Duplicated code as an intention
First, it’s important to say that duplication will happen. I’m not saying we should go AND BURN ALL DUPLICATION! Also, I’m not saying that I never duplicated code (copied and pasted, whatever) or that I hate you because you did so. Before going any further, it’s important to draw a line between express something and repeat things without thinking about anything. A helpful way to recognize these two ideas is:
Consider a simple example; you multiply by 100 to turn a fraction into percentage and you also multiply by 100 to turn meters into centimeters. Should you have a single function that multiplies by 100 called
convertToPercentOrMeters(x)
? NO! Not even if it would remove some duplication. You want two methods;convertToPercent(aFraction)
, andconvertMetersToCentimeters(aLength)
. You want two because they tell you different things. Not just that you will multiply by 100 but also why you will multiply by 100 and what kinds of numbers are valid inputs.
Besides the fact the example is too simple, it shows that even with the structural duplication that will be created we should represent different concepts in our design. Also, duplication gives us some opportunities…
Duplicated code as missing concept
Copying and pasting something is far easier than writing things from scratch. Sometimes, while finding an abstraction, it’s easier to duplicate code to see common patterns and extracted them. It may be a superclass, a new collaborator or even a function that helps you to get to an idea that makes the duplication gone. If you do TDD, you can use the refactoring step go thru the duplication and remove it having tests to back you up. The problem is people taking Sandi Metz quote to spread unjustified duplication all over the code… I agree with her, don’t get me wrong, it’s far easier to duplicate code to find a better (or brand new) abstraction but, she never told you should stop right there - she meant it as a process to isolate and extract patterns from the duplications you created.
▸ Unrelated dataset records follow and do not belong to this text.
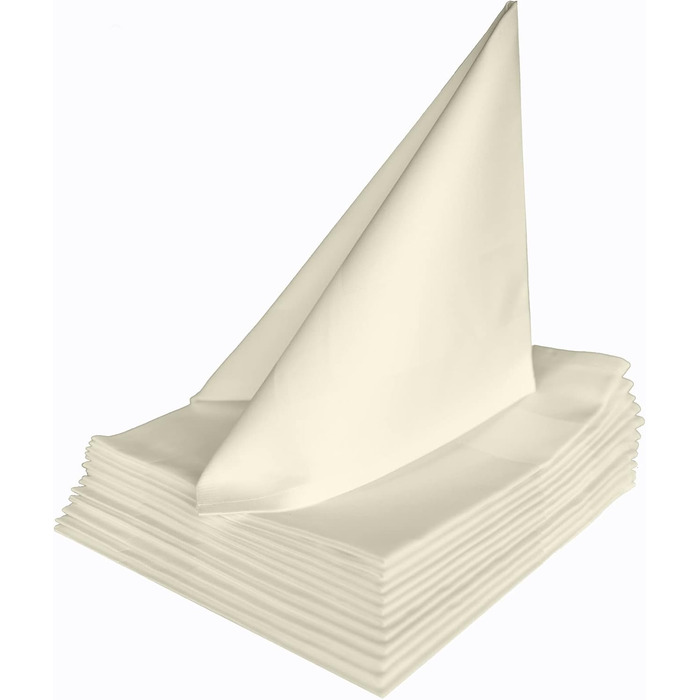 texpot 12 Cloth Napkins 50 x 50 cm with Satin Edge made of 100% Cotton - Color Champagne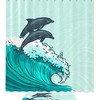 Playful Dolphin Jumping Out Of The Sea Shower Curtain For A Rejuvenating Bath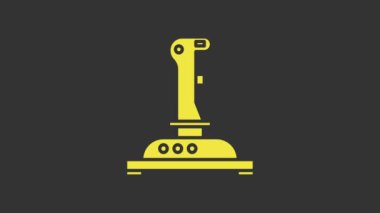 Atari makinesi simgesi için sarı Joystick gri arkaplanda izole edildi. Joystick oyun alanı. 4K Video hareketli grafik canlandırması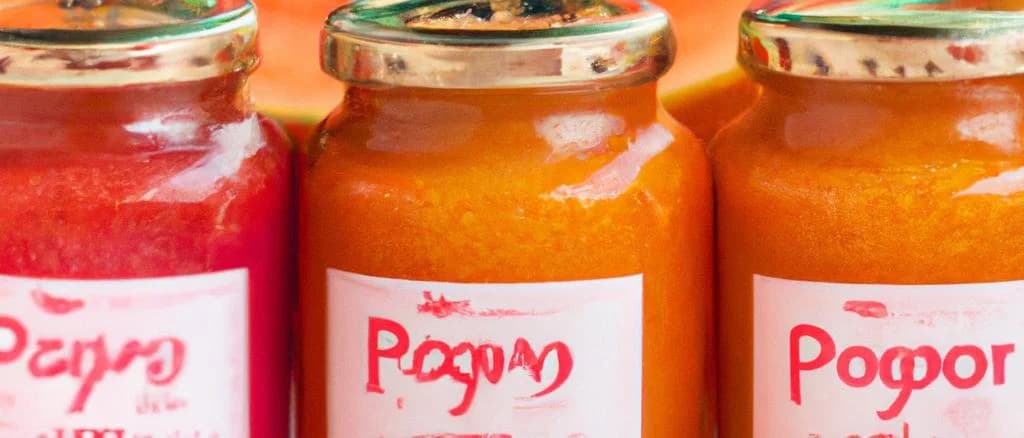 Papaya jams with various packaging options on a colorful background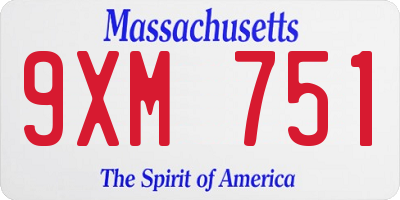 MA license plate 9XM751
Duplicated code as lack of experience
If you feel you don’t have enough experience dealing with something, ask around. As I stated before creating duplicated code can be part of the design process and, sometimes we get lost while doing something we’re not familiar with and that’s is OK! But, it’s part of your job ask around for better solutions, researching the topic, etc. So, don’t stop at the duplication, try to make something better out of it (you may create the wrong abstraction in the process as well, it’s part of the job too).
Up to this point we found some opportunities duplication can offer to us (teaching, learning, refactoring) but, can also lead to some bad things (which is the point here).
Duplicated code as tech debt
Unless you’re losing money because of bug, duplication should live at the worst quadrant of tech debt: reckless and deliberate. Why? Because creating duplicated code is easy enough to fix a bug hurting your business but, too easy to create a mess, leading to other bad things…
Duplicated code as disrespect
If you need to submit your code to reviews and there’s a ton of duplication - without any notice reasoning the duplicated code; you’re disrespectful. Why? You probably send (you often don’t write duplicated code, you copy and paste it) more code than you should and it’ll take more time from the reviewer to get to what matters. In my opinion, you’re making other people lives harder by “doing your job” or any different answer like that.
Duplicated code is alive so, brace yourselves
The thing about the duplicated code in this particular case is: your intents with it may not be the same that created the original one. Why is it bad? It’ll become harder to spot the duplication (because of different naming, or anything related to a different person with a different idea may lead) and at some point the code is still duplicated (the concept is the same) but, its structure is so different from the original one that is refactoring it, or even finds that it’s an actual duplication, will take much more time than trying to figure out which concept it’s trying to express.
Duplicated code as a box of problems
Even when duplication seems to be the only way to do something I think a lot about it and I firmly believe that Duplication (inadvertent or purposeful duplication) can lead to maintenance nightmares, poor factoring, and logical contradictions and that’s why - after seeing a lot of this happening in my life - I have a hard time with duplicated code.